Once these functons are implemented and hooked together, a non-accelerated driver for the device is available and can be tested. Adding accelleration to this driver (using the XFree86 Acceleration Architecture XAA) is relatively straight forward and again well documented in the XAA documentation which can be found at xc/programs/Xserver/hw/xfree86/xaa/XAA.HOWTO

Summary and Conclusion

In summary, on the one hand, the documentation of the new ddx (devive dependent X) design in XFree86 has significantly improved over the previously available material. On the other hand, the structure and layering of the server itself has become much more straight forward. Many of the previously existing SVGA-isms have been removed, many other implicit assumptions about the design of the bus and the existence of one single graphics card are gone as well.

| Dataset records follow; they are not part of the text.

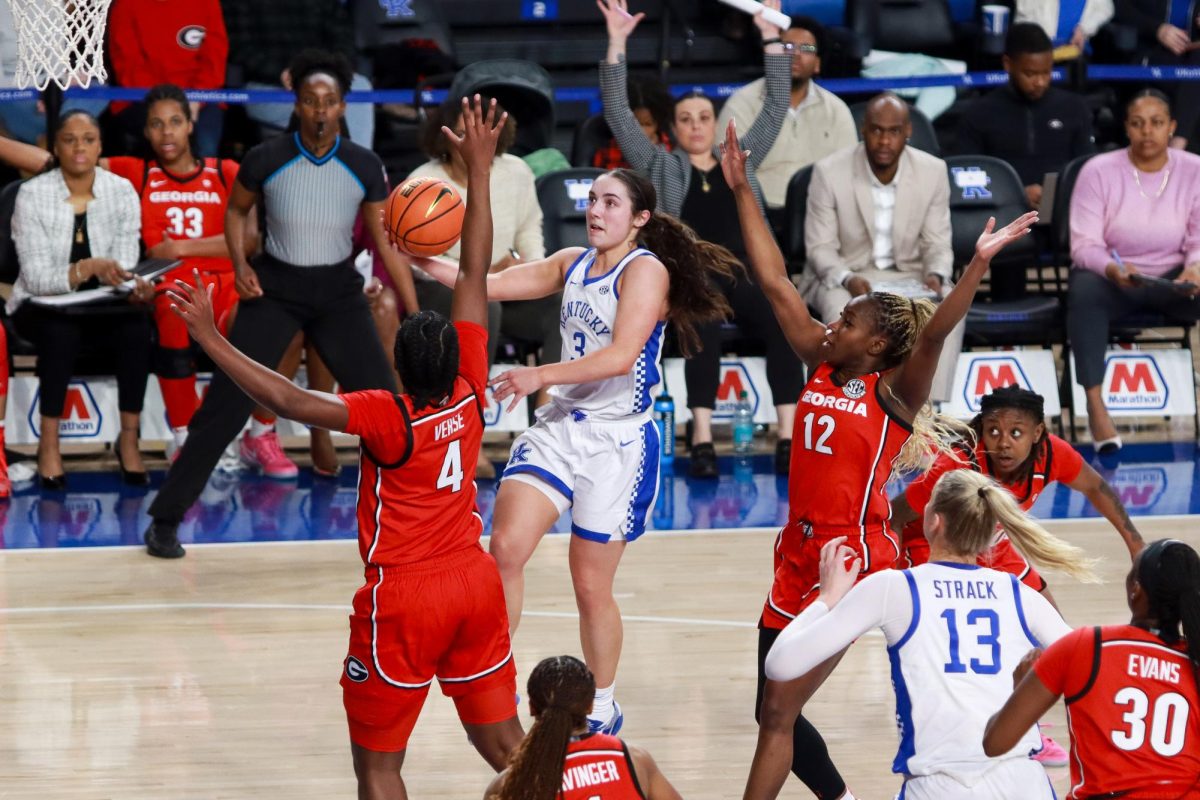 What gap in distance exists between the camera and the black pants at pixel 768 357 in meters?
9.34

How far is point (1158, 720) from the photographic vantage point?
3211mm

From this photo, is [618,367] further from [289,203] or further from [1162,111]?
[1162,111]

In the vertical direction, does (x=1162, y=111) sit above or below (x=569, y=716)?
above

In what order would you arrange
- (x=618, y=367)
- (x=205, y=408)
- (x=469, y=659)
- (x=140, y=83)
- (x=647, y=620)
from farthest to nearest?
(x=140, y=83) < (x=205, y=408) < (x=647, y=620) < (x=618, y=367) < (x=469, y=659)

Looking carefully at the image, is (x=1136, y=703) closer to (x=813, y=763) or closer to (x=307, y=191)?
(x=813, y=763)

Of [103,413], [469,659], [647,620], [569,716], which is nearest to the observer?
[569,716]

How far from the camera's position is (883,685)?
5.77 metres

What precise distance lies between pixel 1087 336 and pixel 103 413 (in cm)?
553

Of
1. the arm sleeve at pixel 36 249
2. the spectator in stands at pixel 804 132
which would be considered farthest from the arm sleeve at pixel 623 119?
the arm sleeve at pixel 36 249

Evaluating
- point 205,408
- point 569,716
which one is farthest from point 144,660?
point 569,716

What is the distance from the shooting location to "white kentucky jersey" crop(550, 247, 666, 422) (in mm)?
5301

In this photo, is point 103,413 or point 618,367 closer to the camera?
point 618,367

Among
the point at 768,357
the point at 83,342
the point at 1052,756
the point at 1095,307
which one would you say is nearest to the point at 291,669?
the point at 1052,756

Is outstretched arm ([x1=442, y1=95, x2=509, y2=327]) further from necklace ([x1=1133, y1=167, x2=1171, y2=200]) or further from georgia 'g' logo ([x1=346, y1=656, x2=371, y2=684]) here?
necklace ([x1=1133, y1=167, x2=1171, y2=200]) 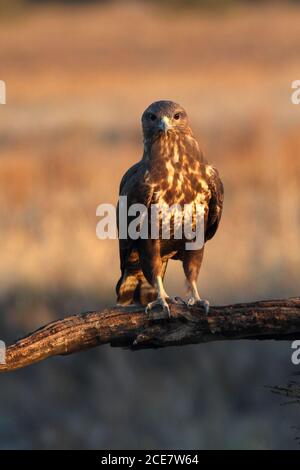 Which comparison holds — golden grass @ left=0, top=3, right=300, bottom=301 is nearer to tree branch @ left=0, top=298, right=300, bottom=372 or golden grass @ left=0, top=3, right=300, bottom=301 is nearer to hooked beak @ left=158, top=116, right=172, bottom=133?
hooked beak @ left=158, top=116, right=172, bottom=133

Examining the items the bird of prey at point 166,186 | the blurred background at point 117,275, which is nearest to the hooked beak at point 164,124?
the bird of prey at point 166,186

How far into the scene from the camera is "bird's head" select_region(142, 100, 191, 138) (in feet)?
26.6

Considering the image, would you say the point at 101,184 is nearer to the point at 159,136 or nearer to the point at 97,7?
the point at 159,136

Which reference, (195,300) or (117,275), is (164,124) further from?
(117,275)

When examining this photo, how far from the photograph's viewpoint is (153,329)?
288 inches

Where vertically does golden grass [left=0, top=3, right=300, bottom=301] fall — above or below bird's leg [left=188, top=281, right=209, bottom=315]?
above

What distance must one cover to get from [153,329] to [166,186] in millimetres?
1036

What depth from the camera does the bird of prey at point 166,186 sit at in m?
8.07

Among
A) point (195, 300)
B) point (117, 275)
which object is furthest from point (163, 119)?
point (117, 275)

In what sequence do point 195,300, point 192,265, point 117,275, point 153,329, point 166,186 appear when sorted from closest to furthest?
point 153,329, point 195,300, point 166,186, point 192,265, point 117,275

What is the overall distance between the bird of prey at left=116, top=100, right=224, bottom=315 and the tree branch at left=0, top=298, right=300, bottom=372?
0.56 m

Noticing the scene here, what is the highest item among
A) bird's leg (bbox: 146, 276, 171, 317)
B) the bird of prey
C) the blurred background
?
the blurred background

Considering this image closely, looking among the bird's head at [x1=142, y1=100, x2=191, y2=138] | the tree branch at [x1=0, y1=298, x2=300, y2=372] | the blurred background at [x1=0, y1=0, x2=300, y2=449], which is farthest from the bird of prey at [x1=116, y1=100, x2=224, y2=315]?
the blurred background at [x1=0, y1=0, x2=300, y2=449]

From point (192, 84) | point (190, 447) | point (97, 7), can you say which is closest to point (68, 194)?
point (190, 447) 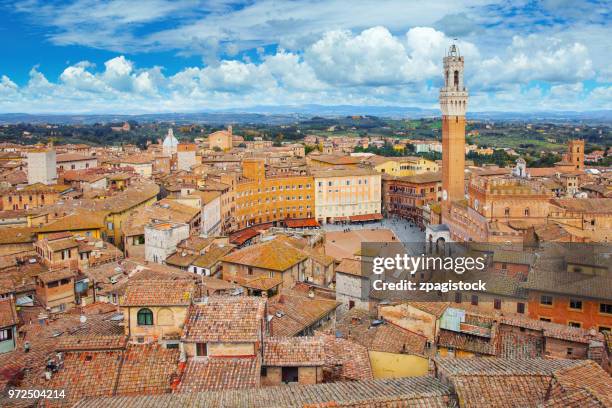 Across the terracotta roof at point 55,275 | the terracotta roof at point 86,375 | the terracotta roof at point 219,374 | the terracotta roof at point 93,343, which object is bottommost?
the terracotta roof at point 55,275

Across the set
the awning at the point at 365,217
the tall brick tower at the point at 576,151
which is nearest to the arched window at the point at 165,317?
the awning at the point at 365,217

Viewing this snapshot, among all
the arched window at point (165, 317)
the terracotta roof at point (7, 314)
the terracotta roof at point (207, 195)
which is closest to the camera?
the arched window at point (165, 317)

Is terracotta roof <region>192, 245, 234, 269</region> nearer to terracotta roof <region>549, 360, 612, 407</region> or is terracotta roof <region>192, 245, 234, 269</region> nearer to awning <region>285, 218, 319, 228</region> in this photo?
terracotta roof <region>549, 360, 612, 407</region>

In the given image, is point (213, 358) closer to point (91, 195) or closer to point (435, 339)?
point (435, 339)

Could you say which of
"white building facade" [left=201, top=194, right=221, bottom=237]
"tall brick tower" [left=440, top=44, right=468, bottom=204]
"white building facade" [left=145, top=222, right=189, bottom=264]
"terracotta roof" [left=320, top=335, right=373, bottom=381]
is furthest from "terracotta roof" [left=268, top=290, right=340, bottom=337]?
"tall brick tower" [left=440, top=44, right=468, bottom=204]

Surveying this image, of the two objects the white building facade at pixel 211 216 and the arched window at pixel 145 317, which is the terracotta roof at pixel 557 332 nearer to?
the arched window at pixel 145 317

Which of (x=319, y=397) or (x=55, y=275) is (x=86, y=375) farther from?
(x=55, y=275) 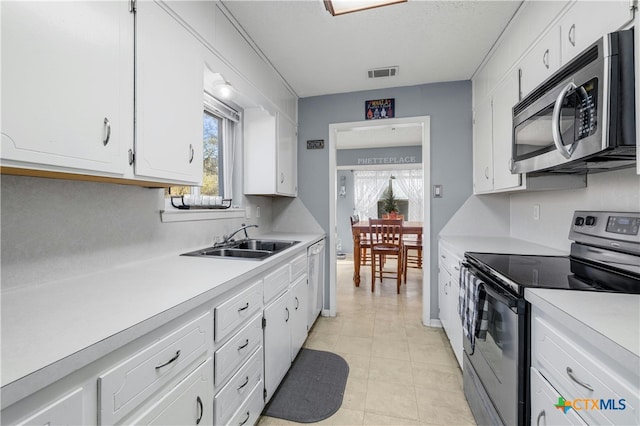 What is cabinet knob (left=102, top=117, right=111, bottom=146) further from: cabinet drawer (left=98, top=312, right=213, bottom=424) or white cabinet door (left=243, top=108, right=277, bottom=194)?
white cabinet door (left=243, top=108, right=277, bottom=194)

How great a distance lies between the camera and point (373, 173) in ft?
22.5

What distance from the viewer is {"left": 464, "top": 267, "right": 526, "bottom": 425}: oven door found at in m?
1.02

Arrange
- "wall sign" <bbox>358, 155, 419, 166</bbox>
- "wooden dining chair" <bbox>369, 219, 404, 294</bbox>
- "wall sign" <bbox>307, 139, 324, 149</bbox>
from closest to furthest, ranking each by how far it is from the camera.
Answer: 1. "wall sign" <bbox>307, 139, 324, 149</bbox>
2. "wooden dining chair" <bbox>369, 219, 404, 294</bbox>
3. "wall sign" <bbox>358, 155, 419, 166</bbox>

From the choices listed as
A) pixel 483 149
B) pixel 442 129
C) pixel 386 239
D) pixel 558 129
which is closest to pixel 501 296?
pixel 558 129

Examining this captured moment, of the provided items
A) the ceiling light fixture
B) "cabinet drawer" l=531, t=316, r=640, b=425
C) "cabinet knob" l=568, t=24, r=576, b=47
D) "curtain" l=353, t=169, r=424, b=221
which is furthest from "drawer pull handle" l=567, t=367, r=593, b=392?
"curtain" l=353, t=169, r=424, b=221

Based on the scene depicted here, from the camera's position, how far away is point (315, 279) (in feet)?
8.59

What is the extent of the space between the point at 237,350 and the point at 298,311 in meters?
0.89

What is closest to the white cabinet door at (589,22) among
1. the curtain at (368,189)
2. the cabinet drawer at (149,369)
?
the cabinet drawer at (149,369)

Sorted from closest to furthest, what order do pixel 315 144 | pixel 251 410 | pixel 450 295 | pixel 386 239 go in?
1. pixel 251 410
2. pixel 450 295
3. pixel 315 144
4. pixel 386 239

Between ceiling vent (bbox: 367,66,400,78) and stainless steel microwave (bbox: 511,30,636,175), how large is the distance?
1340 millimetres

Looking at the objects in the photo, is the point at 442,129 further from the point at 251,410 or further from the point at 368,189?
the point at 368,189

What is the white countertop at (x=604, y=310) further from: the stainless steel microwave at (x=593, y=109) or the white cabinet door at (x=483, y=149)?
the white cabinet door at (x=483, y=149)

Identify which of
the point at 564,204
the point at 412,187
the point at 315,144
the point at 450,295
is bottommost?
the point at 450,295

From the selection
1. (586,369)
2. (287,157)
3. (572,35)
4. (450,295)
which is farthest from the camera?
(287,157) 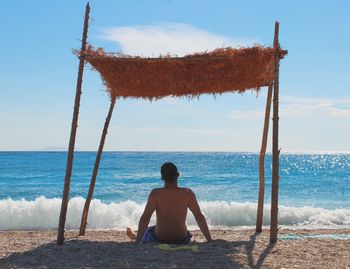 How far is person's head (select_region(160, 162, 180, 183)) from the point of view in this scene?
17.7 ft

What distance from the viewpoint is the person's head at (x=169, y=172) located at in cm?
541

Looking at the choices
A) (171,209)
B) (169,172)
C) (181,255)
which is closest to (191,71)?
(169,172)

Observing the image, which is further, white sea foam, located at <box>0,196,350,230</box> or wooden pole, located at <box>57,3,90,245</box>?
white sea foam, located at <box>0,196,350,230</box>

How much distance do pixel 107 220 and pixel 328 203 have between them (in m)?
10.5

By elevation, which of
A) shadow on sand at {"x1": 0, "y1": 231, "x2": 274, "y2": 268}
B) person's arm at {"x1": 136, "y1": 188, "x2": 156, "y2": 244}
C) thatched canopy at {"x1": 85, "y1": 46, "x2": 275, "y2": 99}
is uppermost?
thatched canopy at {"x1": 85, "y1": 46, "x2": 275, "y2": 99}

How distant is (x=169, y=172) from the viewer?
5.43 metres

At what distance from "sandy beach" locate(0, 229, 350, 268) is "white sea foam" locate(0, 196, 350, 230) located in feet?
15.0

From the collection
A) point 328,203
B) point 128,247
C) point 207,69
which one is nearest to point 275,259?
point 128,247

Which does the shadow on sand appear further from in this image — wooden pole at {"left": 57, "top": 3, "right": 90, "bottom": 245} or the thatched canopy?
the thatched canopy

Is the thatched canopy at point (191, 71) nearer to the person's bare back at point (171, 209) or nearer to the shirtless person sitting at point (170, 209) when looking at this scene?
the shirtless person sitting at point (170, 209)

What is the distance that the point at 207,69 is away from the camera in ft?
20.2

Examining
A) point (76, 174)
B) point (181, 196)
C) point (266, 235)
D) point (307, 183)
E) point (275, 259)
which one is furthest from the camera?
point (76, 174)

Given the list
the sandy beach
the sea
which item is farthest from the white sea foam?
the sandy beach

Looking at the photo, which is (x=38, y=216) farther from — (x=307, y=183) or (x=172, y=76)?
(x=307, y=183) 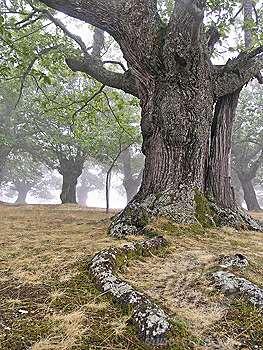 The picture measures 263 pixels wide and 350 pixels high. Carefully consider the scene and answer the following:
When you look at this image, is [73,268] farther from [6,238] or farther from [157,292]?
[6,238]

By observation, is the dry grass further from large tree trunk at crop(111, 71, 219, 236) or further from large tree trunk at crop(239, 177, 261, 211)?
large tree trunk at crop(239, 177, 261, 211)

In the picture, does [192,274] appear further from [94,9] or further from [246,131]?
[246,131]

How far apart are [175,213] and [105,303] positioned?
3153mm

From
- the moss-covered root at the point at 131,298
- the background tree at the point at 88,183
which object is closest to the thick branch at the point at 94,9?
the moss-covered root at the point at 131,298

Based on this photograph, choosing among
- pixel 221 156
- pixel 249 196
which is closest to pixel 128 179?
pixel 249 196

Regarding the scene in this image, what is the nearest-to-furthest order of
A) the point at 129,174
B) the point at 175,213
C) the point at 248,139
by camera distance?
the point at 175,213 < the point at 248,139 < the point at 129,174

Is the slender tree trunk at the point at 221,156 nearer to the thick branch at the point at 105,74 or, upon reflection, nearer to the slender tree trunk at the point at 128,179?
the thick branch at the point at 105,74

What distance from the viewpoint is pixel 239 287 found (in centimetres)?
249

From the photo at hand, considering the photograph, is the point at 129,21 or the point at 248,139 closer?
the point at 129,21

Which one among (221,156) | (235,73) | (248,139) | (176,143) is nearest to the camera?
(176,143)

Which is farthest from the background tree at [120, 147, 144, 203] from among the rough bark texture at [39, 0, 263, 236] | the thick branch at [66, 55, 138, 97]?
the rough bark texture at [39, 0, 263, 236]

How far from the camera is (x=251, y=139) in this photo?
769 inches

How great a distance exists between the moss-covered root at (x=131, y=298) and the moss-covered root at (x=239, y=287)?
677mm

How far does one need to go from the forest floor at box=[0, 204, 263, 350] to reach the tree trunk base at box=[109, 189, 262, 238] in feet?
3.31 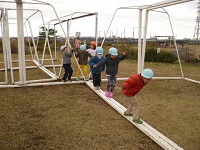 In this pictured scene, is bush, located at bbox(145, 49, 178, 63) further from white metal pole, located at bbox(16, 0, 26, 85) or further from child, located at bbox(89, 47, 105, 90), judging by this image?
white metal pole, located at bbox(16, 0, 26, 85)

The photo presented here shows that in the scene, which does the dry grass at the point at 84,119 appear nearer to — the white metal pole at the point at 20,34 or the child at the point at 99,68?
the child at the point at 99,68

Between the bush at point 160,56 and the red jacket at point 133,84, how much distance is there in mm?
12345

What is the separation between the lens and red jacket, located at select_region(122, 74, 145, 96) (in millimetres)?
4022

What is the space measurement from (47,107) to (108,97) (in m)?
1.61

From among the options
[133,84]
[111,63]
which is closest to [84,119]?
[133,84]

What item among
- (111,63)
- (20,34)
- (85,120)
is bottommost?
(85,120)

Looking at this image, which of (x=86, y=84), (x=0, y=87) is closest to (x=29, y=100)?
(x=0, y=87)

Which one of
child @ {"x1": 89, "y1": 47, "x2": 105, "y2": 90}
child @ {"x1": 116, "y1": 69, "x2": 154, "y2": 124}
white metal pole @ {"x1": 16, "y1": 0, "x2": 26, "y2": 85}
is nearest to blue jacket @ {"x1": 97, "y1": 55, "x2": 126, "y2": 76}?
child @ {"x1": 89, "y1": 47, "x2": 105, "y2": 90}

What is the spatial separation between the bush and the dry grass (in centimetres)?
901

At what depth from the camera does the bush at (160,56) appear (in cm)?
1576

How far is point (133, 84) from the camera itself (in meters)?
4.05

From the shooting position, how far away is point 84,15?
844 centimetres

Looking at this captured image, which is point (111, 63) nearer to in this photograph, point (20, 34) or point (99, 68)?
point (99, 68)

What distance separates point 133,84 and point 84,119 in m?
1.27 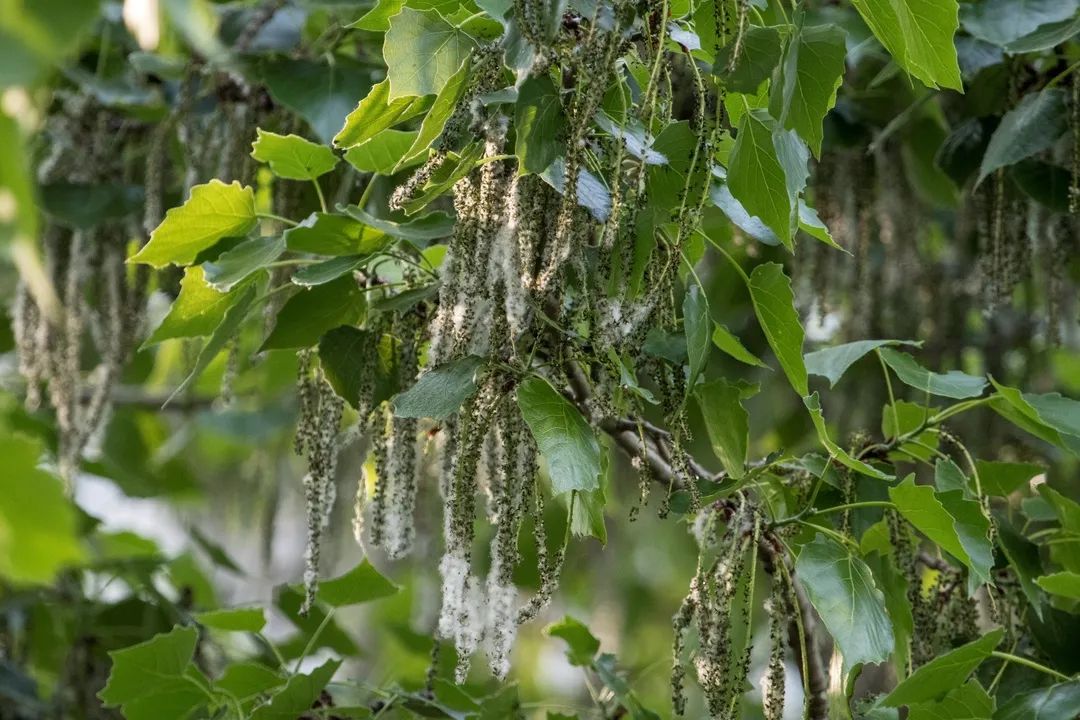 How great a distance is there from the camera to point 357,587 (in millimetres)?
1589

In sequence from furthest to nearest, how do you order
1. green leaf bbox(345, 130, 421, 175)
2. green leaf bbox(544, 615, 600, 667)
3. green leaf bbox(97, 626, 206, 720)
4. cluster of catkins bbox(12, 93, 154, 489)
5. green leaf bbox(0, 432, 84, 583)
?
cluster of catkins bbox(12, 93, 154, 489) < green leaf bbox(544, 615, 600, 667) < green leaf bbox(97, 626, 206, 720) < green leaf bbox(345, 130, 421, 175) < green leaf bbox(0, 432, 84, 583)

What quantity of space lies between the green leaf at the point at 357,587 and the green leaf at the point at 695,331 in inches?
21.2

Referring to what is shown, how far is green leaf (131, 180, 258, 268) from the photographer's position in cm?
135

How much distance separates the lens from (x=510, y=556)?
1.18 metres

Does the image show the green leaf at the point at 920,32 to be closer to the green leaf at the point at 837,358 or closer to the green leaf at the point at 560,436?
the green leaf at the point at 837,358

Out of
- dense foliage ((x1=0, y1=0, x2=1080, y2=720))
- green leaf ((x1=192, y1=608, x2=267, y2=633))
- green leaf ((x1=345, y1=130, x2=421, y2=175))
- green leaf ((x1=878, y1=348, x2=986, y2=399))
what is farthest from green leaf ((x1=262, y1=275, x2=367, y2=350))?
green leaf ((x1=878, y1=348, x2=986, y2=399))

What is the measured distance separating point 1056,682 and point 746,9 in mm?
801

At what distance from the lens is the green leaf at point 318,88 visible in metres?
1.77

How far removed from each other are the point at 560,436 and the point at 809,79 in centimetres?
39

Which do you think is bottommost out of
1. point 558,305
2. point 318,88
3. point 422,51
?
point 558,305

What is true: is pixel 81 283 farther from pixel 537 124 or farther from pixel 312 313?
pixel 537 124

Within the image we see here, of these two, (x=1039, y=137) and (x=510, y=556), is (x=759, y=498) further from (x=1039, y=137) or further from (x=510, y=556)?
(x=1039, y=137)

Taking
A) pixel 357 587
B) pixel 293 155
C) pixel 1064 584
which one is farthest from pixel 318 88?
pixel 1064 584

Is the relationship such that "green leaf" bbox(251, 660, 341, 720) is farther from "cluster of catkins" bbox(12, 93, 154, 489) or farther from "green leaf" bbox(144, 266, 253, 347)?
"cluster of catkins" bbox(12, 93, 154, 489) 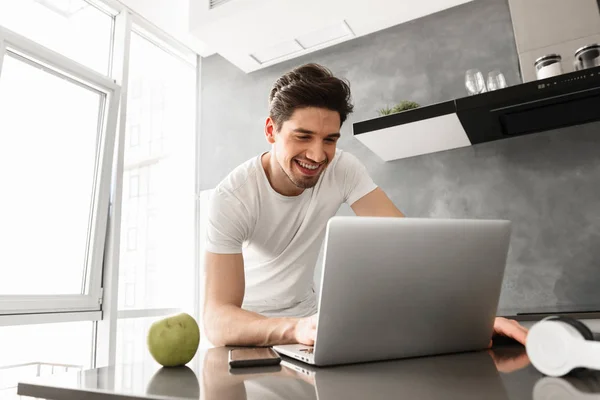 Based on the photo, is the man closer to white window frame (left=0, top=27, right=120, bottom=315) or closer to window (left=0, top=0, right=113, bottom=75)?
white window frame (left=0, top=27, right=120, bottom=315)

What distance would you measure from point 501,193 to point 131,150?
2.37 metres

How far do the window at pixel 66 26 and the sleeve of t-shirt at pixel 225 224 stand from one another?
1.79 m

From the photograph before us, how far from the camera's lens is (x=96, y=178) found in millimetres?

Following the design document it is fairly straight forward to implement a multi head capable driver for almost any type of graphics device.

The DDK

The next major step forward will be the advent of a real DDK, a real driver development kit. As of this writing, this is not finished, since we need to release 4.0 before we can focus on the DDK. But the design of XFree86 4.0 is finished, the initial release will happen before this paper is going to print, and in summer 2000 a release of a full DDK is planned.

So while this paper will have to skip the description of the DDK, I should be able to talk about this during my presentation at the conference.